DATA RECORDS
·····

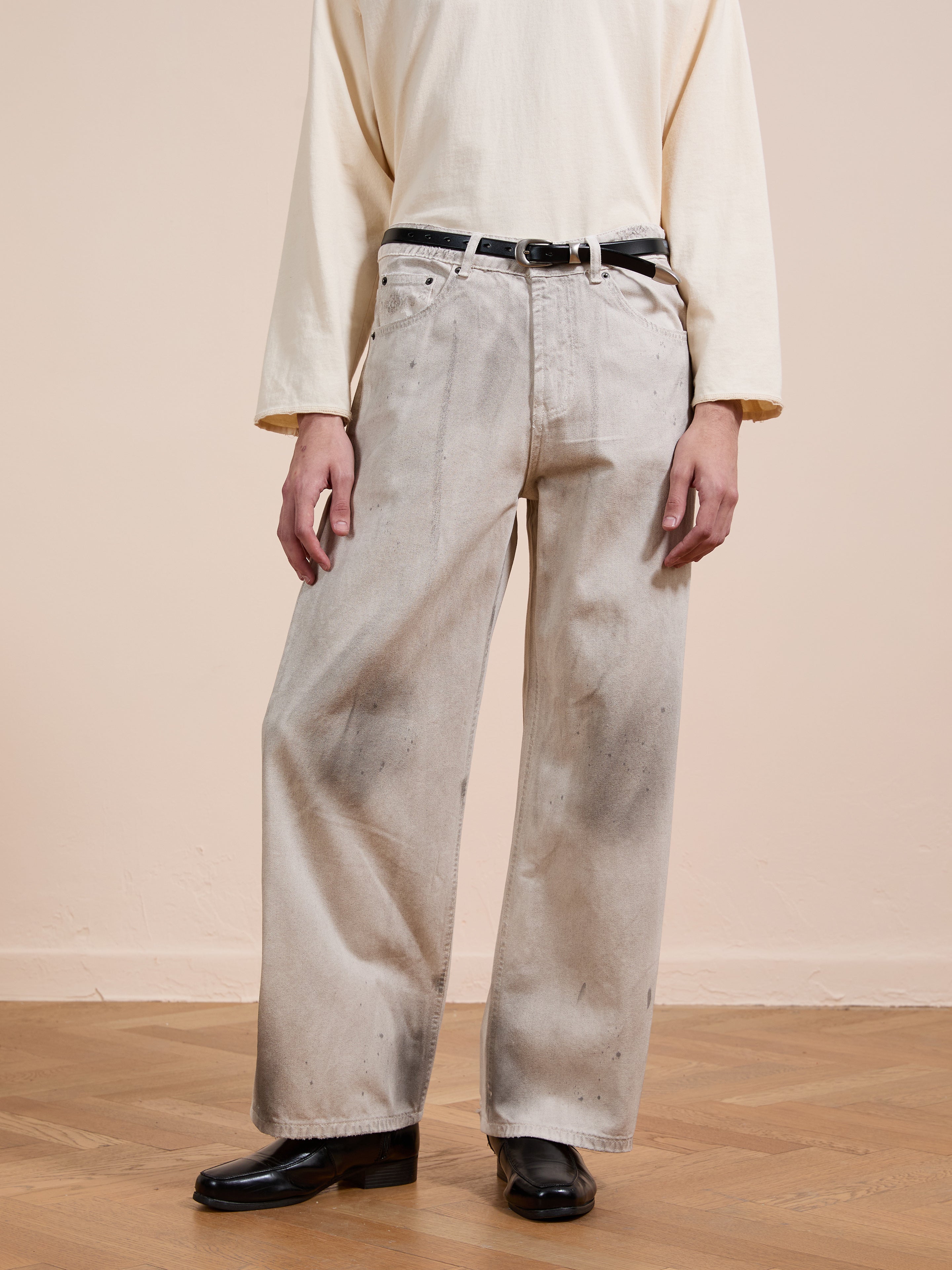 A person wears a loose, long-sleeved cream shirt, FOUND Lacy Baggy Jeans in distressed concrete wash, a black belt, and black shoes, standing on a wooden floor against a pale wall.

·····

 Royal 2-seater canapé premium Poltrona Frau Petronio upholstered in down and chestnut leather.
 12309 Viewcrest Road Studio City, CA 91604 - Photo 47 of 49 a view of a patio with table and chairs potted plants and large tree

·····

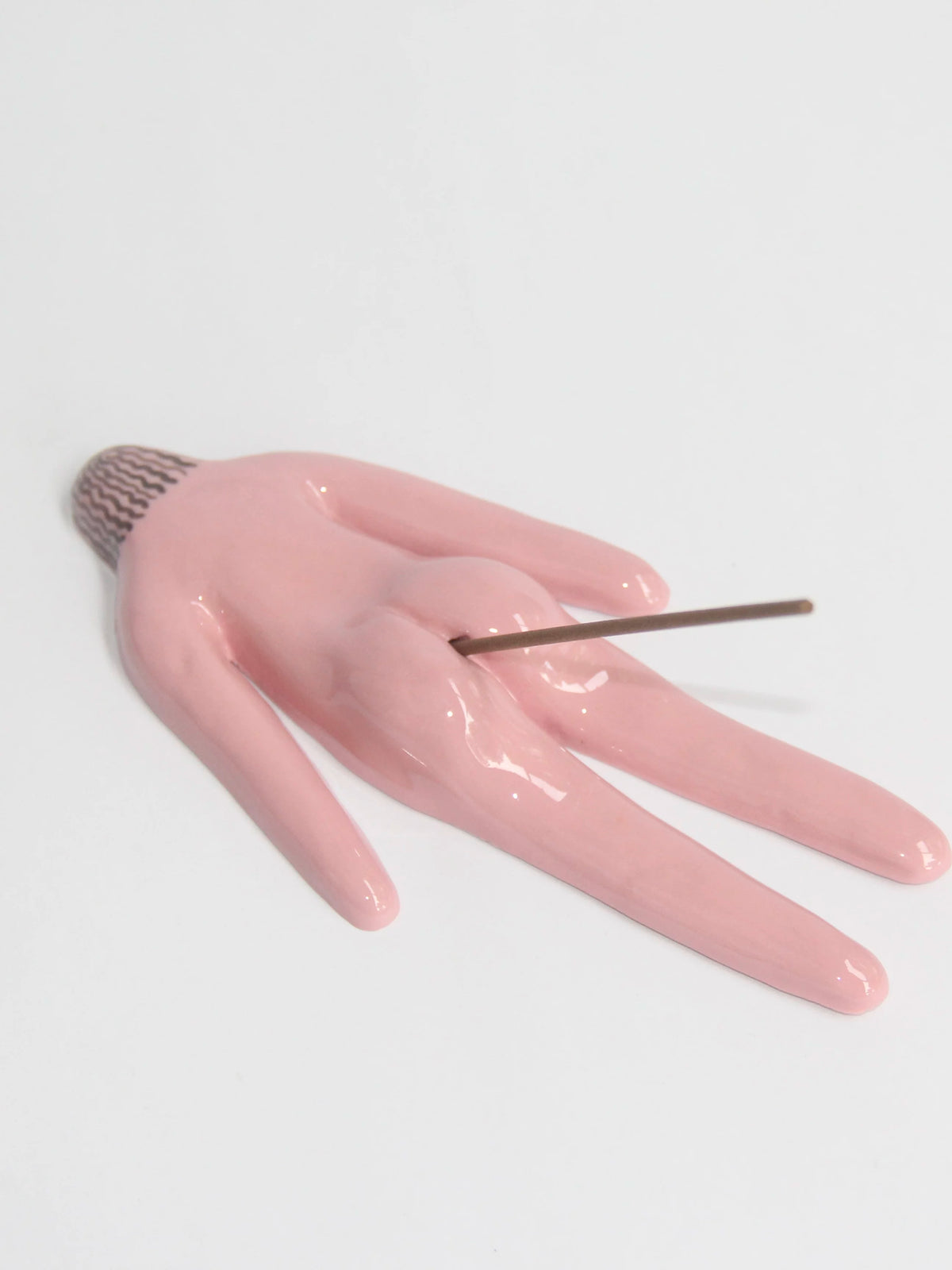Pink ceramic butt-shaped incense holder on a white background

·····

From the records above, reproduce exactly the lines from the one with "Royal 2-seater canapé" to the one with "12309 Viewcrest Road", both included, and no others.

 Royal 2-seater canapé premium Poltrona Frau Petronio upholstered in down and chestnut leather.
 12309 Viewcrest Road Studio City, CA 91604 - Photo 47 of 49 a view of a patio with table and chairs potted plants and large tree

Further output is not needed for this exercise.